[Crawled caption data]
***
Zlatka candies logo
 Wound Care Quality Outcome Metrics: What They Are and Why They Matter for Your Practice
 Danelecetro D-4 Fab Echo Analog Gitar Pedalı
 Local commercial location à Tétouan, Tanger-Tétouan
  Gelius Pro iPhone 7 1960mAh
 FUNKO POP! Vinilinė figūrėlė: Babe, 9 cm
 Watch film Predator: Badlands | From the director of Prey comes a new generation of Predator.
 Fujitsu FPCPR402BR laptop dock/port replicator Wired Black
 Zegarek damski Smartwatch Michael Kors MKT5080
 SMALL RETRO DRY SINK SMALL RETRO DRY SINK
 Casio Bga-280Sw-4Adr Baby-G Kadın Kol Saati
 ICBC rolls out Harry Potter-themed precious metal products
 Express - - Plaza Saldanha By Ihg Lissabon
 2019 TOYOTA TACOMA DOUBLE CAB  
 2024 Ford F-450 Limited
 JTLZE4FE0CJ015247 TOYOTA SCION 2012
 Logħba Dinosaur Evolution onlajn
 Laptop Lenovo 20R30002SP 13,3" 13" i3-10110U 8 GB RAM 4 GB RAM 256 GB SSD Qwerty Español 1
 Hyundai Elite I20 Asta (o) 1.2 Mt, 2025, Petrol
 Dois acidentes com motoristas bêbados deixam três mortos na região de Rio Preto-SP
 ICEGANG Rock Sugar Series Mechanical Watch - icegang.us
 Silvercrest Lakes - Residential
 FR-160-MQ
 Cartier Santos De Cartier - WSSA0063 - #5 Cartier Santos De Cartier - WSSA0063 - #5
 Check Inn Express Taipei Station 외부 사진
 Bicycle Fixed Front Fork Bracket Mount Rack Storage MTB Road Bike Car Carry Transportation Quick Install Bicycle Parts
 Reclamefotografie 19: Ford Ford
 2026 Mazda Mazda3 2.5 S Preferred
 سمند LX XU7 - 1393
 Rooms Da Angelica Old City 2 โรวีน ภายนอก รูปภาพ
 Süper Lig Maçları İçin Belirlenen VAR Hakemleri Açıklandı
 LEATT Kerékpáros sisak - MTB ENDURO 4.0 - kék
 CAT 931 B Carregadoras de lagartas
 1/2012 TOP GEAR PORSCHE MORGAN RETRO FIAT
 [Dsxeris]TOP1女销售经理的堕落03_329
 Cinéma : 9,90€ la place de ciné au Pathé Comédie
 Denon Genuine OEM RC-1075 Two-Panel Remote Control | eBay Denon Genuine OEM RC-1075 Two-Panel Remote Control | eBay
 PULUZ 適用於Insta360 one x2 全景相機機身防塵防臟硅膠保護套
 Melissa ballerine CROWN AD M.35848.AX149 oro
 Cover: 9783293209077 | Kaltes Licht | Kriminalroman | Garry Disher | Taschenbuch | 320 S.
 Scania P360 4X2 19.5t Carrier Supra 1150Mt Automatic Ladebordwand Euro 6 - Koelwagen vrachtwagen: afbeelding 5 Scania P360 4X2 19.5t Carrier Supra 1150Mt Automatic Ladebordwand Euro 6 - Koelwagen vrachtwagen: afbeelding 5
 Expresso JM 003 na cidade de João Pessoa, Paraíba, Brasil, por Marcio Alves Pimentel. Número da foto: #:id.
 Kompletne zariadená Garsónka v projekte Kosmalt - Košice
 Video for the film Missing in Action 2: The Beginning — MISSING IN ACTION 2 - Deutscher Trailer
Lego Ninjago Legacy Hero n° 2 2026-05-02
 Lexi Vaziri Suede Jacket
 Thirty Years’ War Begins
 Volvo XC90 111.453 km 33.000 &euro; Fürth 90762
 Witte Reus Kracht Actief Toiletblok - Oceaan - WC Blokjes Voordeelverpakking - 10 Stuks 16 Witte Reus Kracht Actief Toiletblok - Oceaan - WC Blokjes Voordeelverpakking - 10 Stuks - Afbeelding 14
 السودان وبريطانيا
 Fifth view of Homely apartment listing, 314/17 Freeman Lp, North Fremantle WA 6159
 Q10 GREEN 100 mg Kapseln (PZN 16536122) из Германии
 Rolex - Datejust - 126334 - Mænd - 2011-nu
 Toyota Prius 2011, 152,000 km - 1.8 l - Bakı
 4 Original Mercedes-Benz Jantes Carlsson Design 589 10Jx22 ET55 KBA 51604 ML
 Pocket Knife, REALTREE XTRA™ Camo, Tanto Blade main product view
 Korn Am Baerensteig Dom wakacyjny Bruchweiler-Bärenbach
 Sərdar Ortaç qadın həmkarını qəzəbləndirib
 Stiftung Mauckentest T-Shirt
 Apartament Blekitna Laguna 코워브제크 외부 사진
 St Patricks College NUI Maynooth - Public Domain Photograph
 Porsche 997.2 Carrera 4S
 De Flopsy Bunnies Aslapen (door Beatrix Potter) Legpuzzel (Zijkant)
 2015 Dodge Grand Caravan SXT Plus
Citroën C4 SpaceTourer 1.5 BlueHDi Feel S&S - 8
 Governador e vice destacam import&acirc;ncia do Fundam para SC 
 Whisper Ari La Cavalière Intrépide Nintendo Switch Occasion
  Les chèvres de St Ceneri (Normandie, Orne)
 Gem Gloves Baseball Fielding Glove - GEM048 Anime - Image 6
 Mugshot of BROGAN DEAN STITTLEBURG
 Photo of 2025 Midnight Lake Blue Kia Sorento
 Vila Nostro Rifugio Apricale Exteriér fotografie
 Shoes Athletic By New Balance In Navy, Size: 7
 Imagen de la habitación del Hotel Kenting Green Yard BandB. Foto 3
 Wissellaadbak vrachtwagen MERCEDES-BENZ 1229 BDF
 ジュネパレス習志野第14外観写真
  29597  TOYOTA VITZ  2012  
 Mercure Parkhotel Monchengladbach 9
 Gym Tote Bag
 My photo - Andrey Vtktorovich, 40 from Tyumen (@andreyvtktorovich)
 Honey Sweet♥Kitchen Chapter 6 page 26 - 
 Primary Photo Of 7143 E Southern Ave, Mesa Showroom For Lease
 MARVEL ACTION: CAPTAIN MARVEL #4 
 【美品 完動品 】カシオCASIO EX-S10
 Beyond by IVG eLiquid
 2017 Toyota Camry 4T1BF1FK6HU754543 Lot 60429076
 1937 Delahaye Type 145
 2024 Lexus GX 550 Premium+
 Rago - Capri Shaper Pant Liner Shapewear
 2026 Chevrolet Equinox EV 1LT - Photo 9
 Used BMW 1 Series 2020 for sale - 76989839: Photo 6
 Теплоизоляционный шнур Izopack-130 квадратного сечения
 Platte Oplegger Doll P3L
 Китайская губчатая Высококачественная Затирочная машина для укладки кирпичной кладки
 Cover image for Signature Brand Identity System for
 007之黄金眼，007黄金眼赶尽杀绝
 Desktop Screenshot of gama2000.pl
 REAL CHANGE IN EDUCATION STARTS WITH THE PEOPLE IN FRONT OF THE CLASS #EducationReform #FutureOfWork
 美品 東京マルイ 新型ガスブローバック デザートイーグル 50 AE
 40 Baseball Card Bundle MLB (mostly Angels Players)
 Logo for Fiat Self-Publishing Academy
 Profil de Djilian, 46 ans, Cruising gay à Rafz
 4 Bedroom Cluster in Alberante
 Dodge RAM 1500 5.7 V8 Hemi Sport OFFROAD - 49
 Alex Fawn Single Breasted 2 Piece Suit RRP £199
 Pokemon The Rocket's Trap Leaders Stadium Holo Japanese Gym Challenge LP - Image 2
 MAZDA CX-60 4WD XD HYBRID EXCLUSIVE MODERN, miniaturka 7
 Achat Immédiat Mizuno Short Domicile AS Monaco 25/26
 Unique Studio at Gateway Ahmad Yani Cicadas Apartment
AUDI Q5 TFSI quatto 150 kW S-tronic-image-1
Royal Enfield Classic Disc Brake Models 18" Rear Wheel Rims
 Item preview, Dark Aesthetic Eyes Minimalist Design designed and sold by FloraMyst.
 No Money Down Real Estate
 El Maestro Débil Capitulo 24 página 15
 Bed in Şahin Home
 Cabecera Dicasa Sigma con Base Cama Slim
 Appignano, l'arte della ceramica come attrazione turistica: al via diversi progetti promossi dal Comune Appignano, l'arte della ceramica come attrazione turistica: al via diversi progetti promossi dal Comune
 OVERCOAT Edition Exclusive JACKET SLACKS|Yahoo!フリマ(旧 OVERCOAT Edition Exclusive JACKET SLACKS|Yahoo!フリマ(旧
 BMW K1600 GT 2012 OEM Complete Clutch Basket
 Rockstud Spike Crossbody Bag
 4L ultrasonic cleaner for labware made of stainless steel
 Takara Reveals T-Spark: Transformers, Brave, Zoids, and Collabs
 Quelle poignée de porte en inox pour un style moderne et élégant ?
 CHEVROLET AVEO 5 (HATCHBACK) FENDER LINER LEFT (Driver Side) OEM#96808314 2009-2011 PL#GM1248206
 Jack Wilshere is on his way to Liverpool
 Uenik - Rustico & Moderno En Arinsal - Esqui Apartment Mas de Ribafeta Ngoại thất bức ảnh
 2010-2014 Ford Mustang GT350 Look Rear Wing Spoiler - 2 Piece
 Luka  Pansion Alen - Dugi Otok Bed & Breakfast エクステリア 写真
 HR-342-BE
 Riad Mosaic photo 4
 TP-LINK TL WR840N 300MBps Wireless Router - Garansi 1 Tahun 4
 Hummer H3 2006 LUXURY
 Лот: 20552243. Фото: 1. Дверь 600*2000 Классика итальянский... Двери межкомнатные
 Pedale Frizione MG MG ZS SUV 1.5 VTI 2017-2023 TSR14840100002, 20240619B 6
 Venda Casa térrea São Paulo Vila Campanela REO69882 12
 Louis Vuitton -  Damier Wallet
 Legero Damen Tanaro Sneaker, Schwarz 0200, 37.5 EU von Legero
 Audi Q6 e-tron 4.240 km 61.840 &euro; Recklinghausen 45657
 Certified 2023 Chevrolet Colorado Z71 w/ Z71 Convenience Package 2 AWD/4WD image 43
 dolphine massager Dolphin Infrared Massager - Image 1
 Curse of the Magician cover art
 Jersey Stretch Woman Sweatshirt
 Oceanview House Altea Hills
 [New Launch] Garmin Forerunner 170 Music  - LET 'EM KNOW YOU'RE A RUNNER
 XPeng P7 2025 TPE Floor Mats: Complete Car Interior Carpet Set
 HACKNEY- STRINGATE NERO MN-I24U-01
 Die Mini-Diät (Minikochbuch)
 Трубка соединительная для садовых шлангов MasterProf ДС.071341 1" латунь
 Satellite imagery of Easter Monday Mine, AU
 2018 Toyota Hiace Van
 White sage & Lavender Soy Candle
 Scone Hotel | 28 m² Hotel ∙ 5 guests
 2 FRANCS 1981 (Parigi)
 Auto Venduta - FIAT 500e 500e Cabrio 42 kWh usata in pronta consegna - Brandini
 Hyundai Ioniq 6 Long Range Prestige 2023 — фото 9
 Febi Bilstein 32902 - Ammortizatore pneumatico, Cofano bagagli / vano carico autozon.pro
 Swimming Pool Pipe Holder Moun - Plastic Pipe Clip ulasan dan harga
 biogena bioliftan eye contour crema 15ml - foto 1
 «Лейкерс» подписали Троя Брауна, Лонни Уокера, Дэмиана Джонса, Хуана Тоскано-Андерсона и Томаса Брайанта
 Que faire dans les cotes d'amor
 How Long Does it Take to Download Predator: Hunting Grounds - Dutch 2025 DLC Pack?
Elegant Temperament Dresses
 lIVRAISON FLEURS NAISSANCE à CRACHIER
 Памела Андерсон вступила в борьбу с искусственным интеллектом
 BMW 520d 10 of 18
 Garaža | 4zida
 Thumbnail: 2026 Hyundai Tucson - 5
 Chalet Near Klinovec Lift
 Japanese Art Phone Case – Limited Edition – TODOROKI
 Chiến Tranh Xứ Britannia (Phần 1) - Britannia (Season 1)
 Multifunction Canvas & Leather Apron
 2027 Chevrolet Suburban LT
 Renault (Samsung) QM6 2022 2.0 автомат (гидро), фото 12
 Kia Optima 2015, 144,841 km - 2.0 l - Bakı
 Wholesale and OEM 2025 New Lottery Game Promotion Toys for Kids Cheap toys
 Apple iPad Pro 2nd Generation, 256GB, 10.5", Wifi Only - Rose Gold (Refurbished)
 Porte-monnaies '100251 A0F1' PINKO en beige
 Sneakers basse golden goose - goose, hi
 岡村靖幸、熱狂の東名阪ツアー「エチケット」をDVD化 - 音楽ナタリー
***
| Aim of the exercise |
Look above for the line holding "Garaža | 4zida", then set down exactly that line and every line after it up to and including the line holding "Wholesale and OEM", with nothing else.

| Answer box |
 Garaža | 4zida
 Thumbnail: 2026 Hyundai Tucson - 5
 Chalet Near Klinovec Lift
 Japanese Art Phone Case – Limited Edition – TODOROKI
 Chiến Tranh Xứ Britannia (Phần 1) - Britannia (Season 1)
 Multifunction Canvas & Leather Apron
 2027 Chevrolet Suburban LT
 Renault (Samsung) QM6 2022 2.0 автомат (гидро), фото 12
 Kia Optima 2015, 144,841 km - 2.0 l - Bakı
 Wholesale and OEM 2025 New Lottery Game Promotion Toys for Kids Cheap toys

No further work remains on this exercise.